> **Assignment**: For each line below that contains the word "with", make a copy.

> **Supplied data**:
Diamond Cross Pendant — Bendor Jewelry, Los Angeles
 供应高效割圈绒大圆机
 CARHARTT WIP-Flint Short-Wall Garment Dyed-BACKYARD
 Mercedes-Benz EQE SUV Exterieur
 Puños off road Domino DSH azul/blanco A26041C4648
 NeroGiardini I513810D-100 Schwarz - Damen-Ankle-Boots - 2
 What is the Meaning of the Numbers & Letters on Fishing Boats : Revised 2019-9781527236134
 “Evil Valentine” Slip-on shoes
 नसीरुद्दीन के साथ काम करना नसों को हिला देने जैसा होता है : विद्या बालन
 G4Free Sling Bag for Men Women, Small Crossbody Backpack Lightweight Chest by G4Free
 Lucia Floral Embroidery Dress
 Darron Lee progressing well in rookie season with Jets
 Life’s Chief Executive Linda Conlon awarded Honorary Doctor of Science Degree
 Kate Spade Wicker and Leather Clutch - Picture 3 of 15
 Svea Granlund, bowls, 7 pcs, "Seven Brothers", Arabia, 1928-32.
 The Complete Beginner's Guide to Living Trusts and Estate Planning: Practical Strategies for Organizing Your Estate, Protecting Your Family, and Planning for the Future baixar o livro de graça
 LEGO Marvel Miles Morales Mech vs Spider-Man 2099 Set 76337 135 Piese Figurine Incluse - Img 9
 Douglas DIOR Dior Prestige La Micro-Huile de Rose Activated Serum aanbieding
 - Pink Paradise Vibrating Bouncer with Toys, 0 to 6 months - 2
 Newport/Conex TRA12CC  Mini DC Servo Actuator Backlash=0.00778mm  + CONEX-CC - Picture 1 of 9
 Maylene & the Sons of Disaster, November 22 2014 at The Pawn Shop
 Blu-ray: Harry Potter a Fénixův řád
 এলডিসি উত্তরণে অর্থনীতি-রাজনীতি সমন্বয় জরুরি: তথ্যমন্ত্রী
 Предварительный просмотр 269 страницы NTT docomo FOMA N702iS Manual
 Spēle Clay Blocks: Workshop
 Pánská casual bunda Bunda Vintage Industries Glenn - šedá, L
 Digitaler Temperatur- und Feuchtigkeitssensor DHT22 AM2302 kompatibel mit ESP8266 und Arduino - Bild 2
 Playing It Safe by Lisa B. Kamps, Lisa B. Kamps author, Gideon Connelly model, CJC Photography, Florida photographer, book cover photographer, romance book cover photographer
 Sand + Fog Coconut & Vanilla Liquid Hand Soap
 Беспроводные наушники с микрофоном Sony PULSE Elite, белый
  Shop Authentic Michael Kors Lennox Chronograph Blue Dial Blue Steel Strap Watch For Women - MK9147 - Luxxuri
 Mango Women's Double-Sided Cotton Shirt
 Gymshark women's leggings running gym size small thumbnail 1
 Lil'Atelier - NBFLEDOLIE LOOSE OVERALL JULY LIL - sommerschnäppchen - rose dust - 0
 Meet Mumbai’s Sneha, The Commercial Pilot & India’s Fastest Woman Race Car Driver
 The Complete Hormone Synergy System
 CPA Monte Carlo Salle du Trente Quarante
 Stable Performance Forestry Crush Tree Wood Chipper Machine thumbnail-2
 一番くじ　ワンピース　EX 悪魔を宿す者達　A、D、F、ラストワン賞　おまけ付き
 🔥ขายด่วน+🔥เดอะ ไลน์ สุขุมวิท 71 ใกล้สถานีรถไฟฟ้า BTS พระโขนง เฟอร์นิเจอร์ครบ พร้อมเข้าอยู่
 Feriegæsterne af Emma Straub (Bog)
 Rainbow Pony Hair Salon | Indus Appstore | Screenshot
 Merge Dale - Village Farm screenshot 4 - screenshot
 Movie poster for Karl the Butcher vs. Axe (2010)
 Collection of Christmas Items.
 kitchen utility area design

> **Task answer**:
 Darron Lee progressing well in rookie season with Jets
 - Pink Paradise Vibrating Bouncer with Toys, 0 to 6 months - 2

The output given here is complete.